■ Input records:

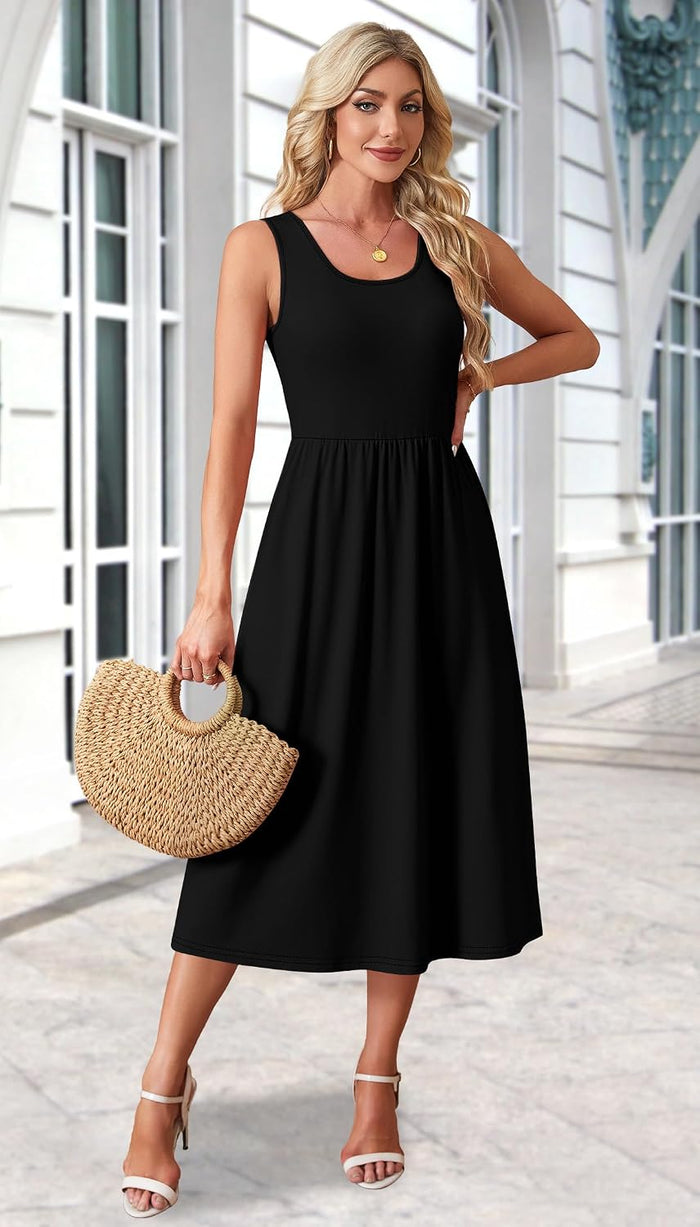 WIHOLL Summer Dresses for Women Flowy Casual Midi Dress Beach Vacation Sundresses with Pockets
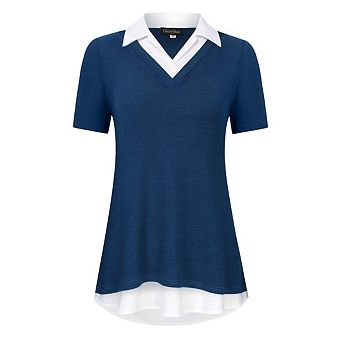 Women's Plus Size Short Sleeve Casual V-neck Color Blocked Work Shirt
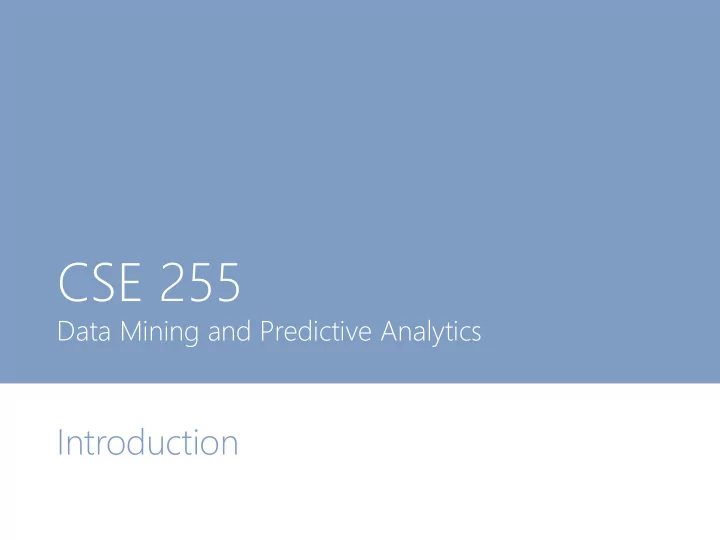 cse 255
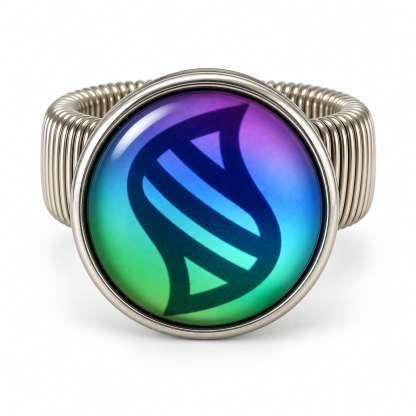 Mega Power Coil Ring with classic keystone, front view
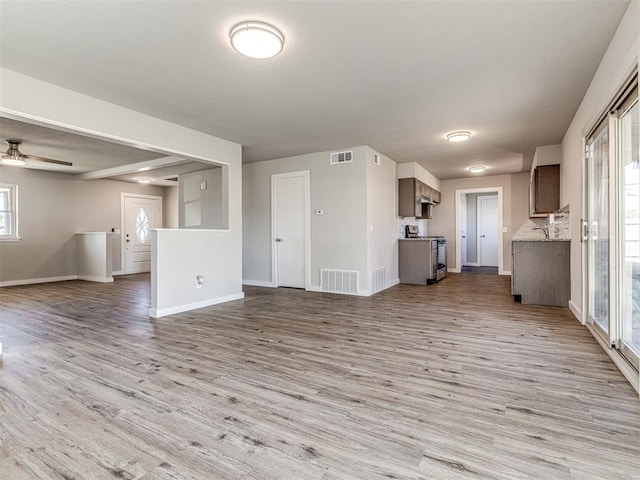 unfurnished living room with ceiling fan and light hardwood / wood-style flooring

■ What you need to do:
The reply should hold an exact repeat of the entries from their opening line through the line with "Mega Power Coil", and no pictures at all.

■ Answer below:
 WIHOLL Summer Dresses for Women Flowy Casual Midi Dress Beach Vacation Sundresses with Pockets
 Women's Plus Size Short Sleeve Casual V-neck Color Blocked Work Shirt
 cse 255
 Mega Power Coil Ring with classic keystone, front view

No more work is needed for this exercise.